**Given material**:
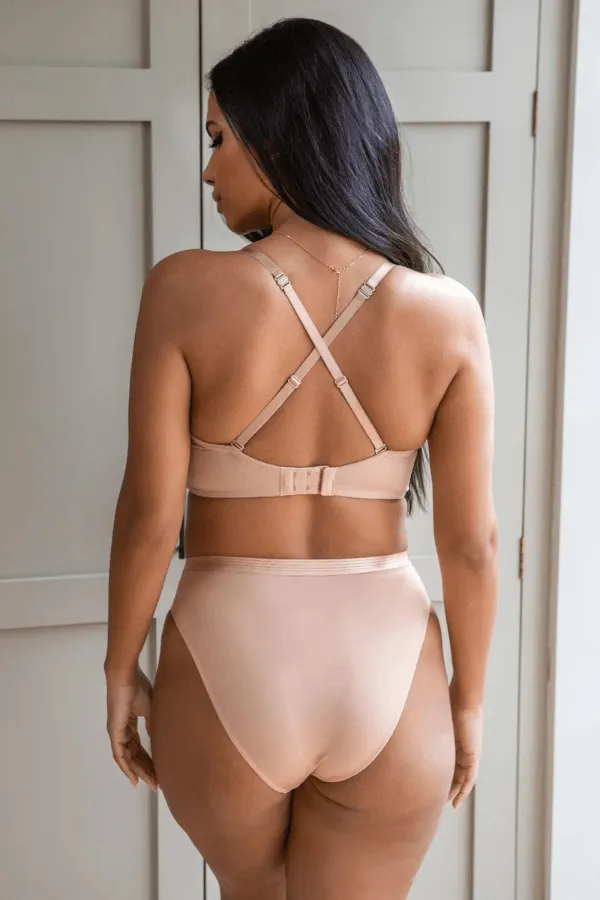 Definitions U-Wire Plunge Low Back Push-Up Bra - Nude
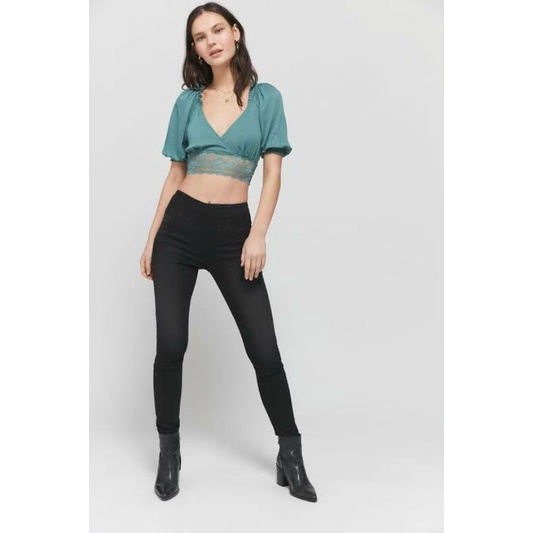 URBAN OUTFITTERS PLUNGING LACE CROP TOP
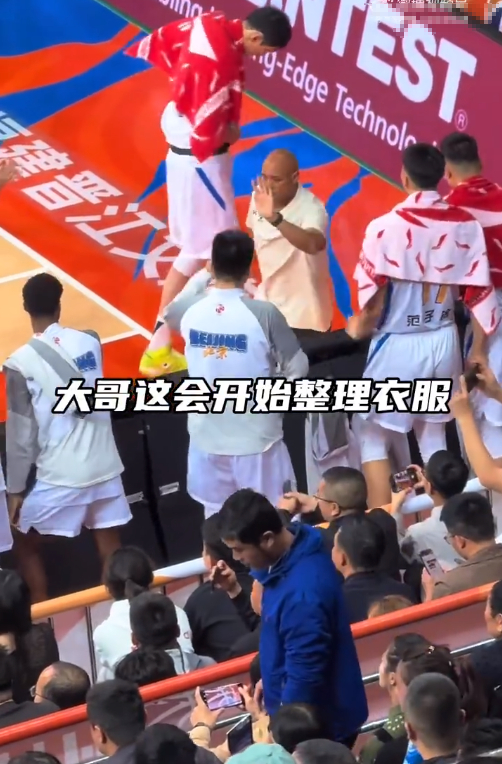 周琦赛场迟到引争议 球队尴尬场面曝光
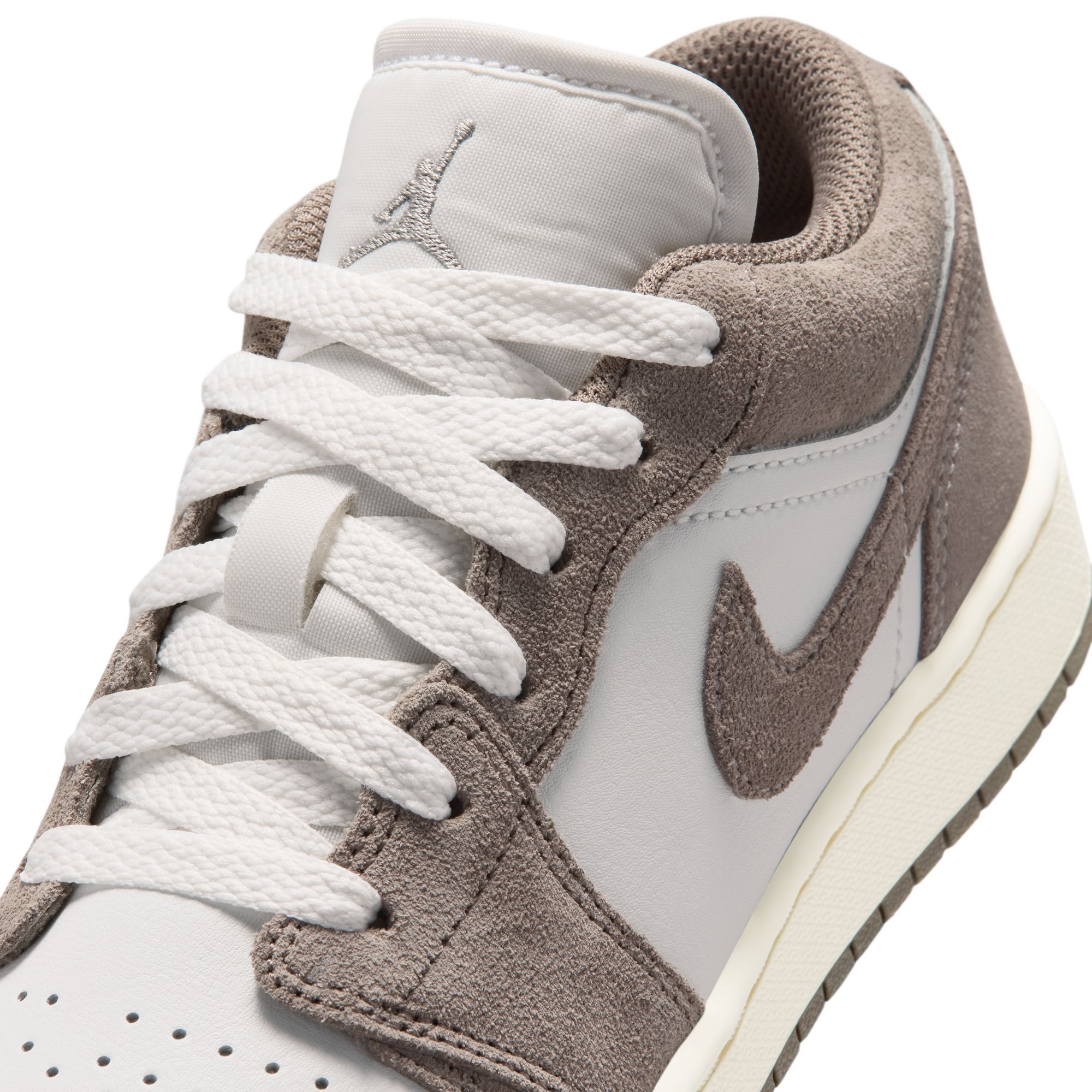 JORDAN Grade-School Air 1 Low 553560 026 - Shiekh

**Exercise**:
Give the listing again in full, exactly as it is, but without its images.

**Response**:
 Definitions U-Wire Plunge Low Back Push-Up Bra - Nude
 URBAN OUTFITTERS PLUNGING LACE CROP TOP
 周琦赛场迟到引争议 球队尴尬场面曝光
 JORDAN Grade-School Air 1 Low 553560 026 - Shiekh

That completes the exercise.